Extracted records
------------------------------------------------------------------------
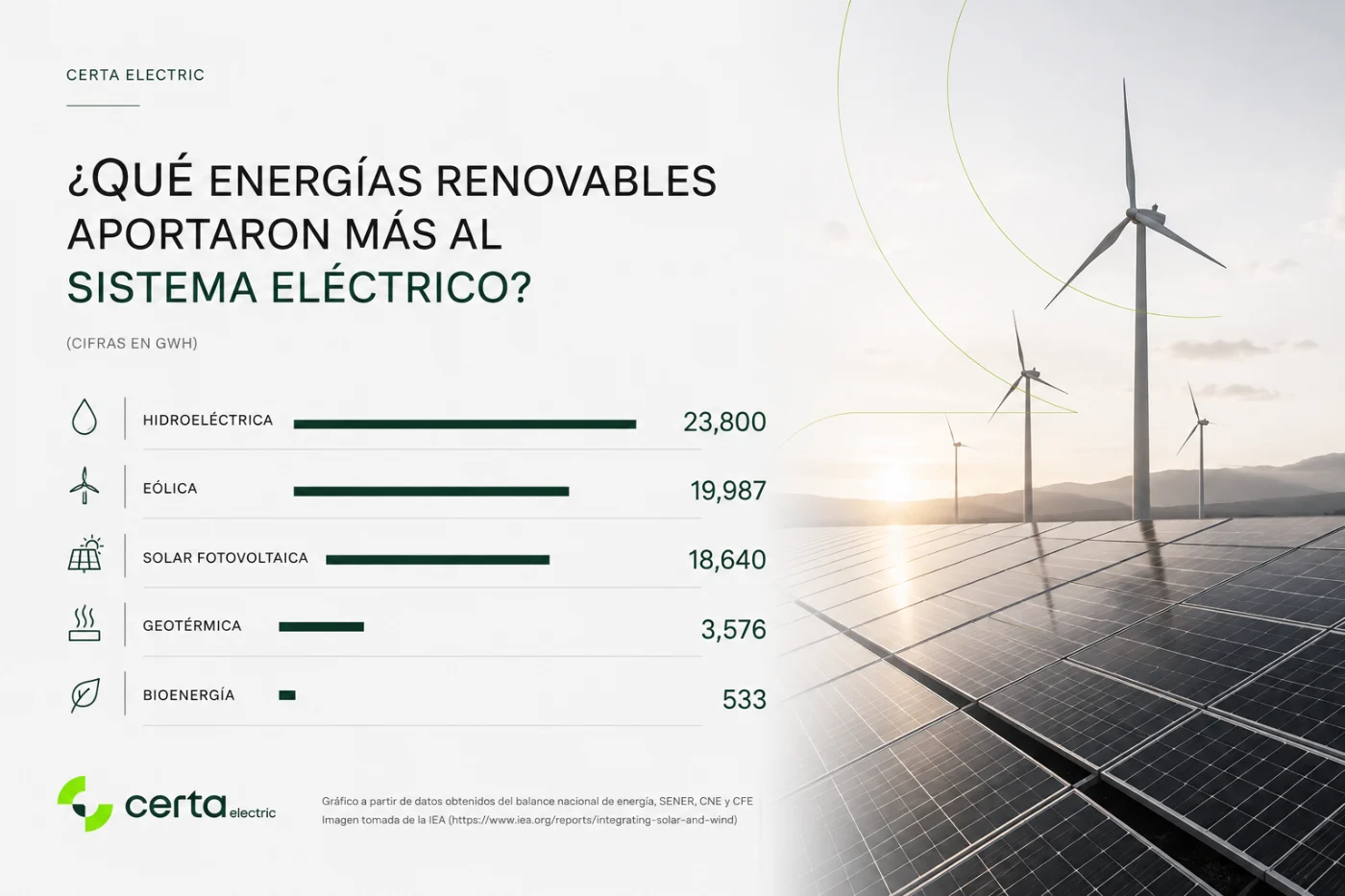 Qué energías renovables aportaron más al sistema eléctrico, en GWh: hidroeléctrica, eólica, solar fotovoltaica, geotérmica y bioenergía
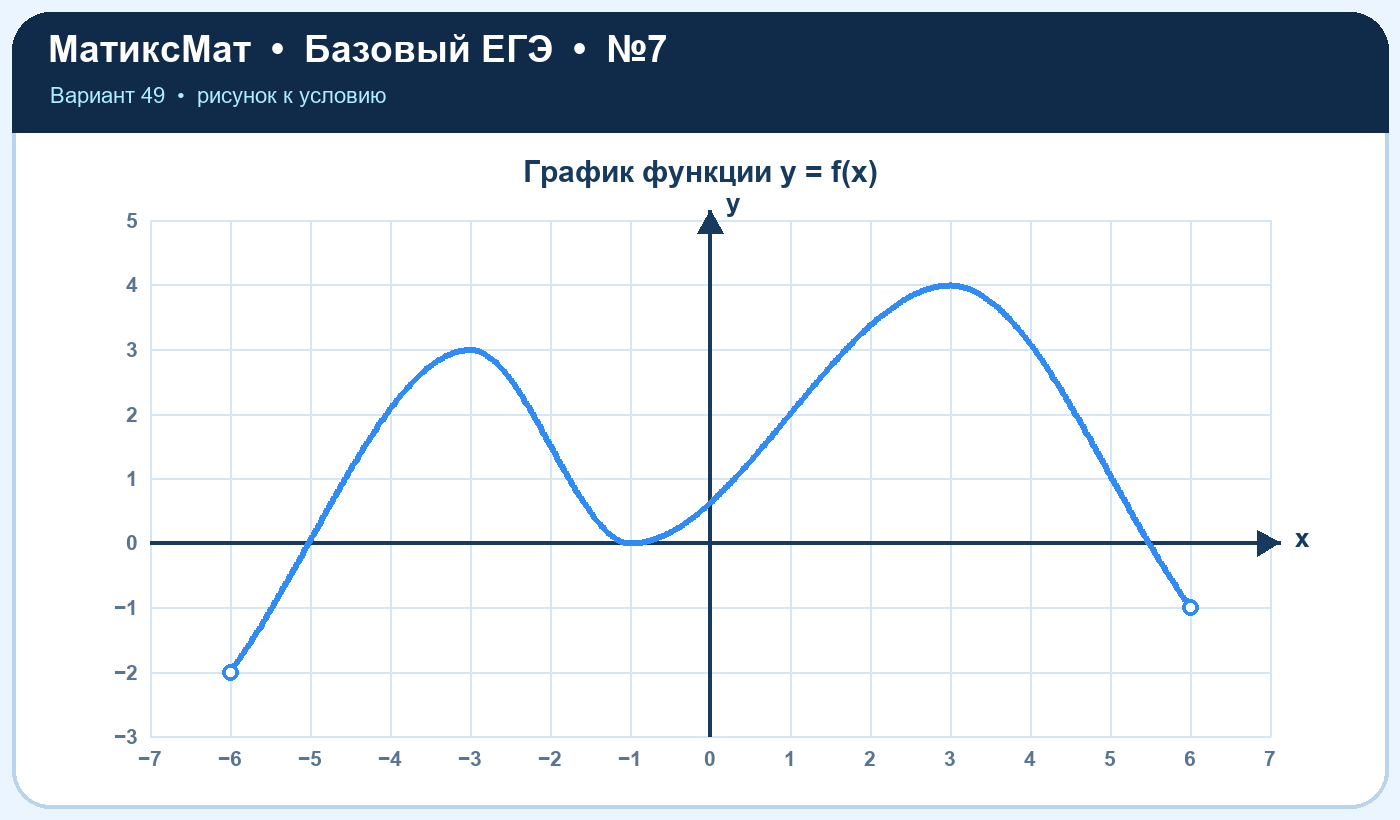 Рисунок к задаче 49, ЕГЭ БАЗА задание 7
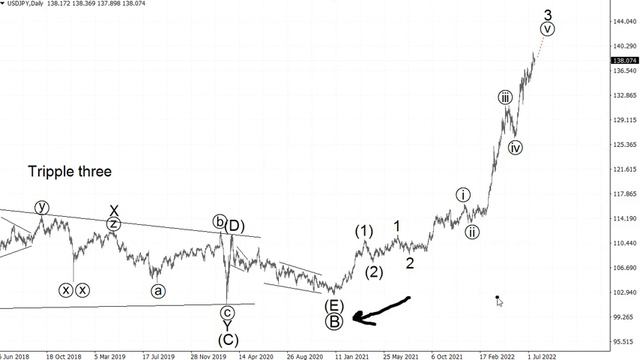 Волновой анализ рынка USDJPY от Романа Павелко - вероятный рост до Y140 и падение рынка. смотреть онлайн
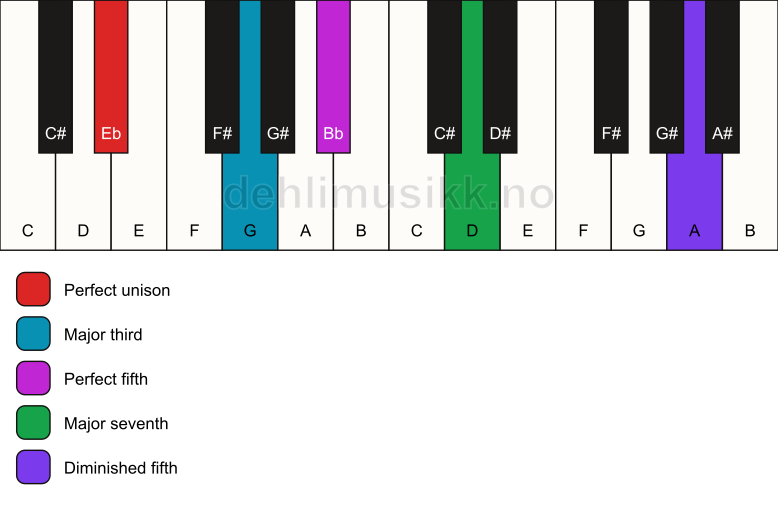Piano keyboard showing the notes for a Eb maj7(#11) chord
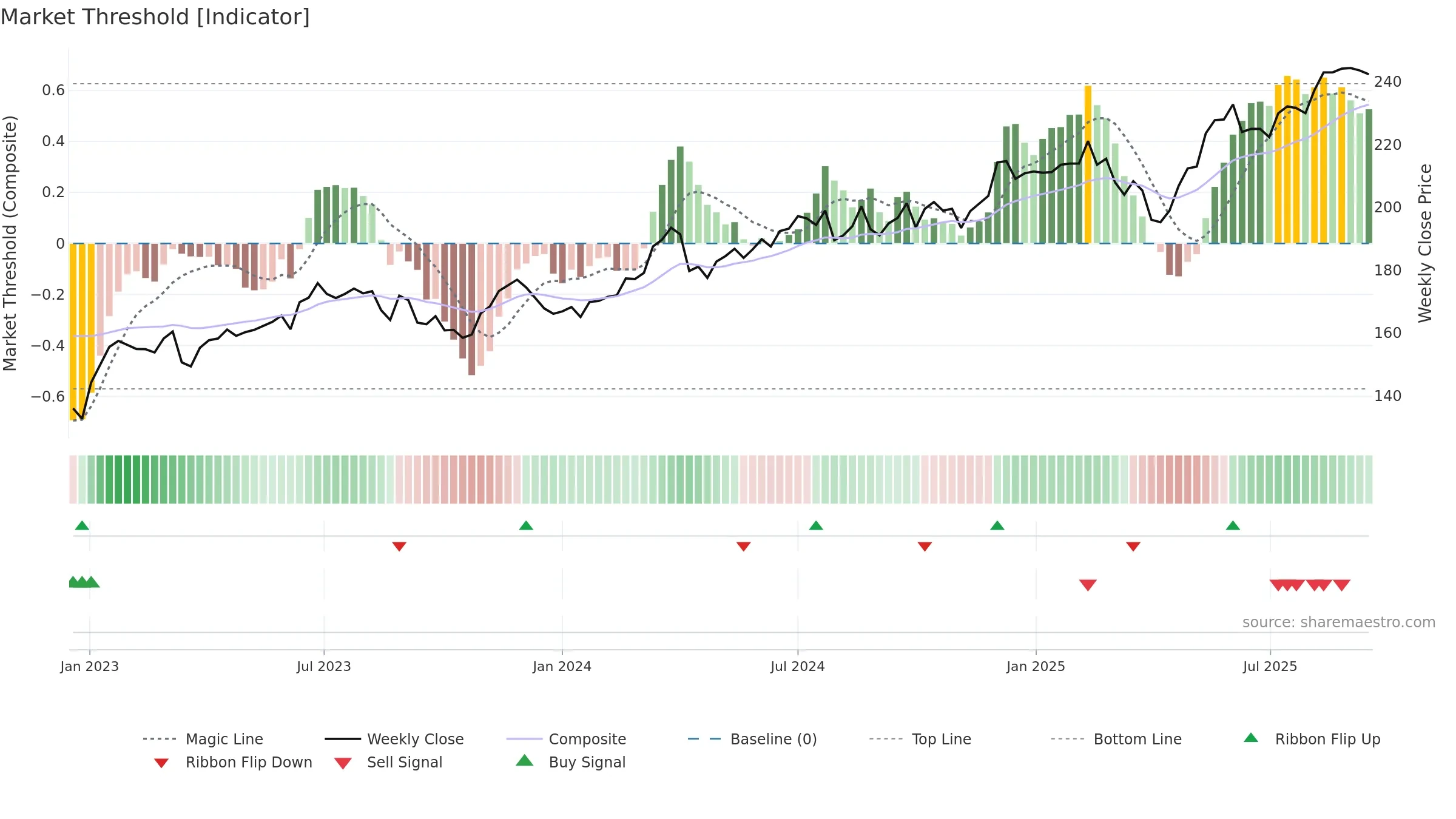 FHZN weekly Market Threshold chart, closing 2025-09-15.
------------------------------------------------------------------------
Please retype, exactly and only, the lines from the one holding "Волновой анализ рынка" to the end of the entries, both ends included, without any pictures.

(Response area):
 Волновой анализ рынка USDJPY от Романа Павелко - вероятный рост до Y140 и падение рынка. смотреть онлайн
Piano keyboard showing the notes for a Eb maj7(#11) chord
 FHZN weekly Market Threshold chart, closing 2025-09-15.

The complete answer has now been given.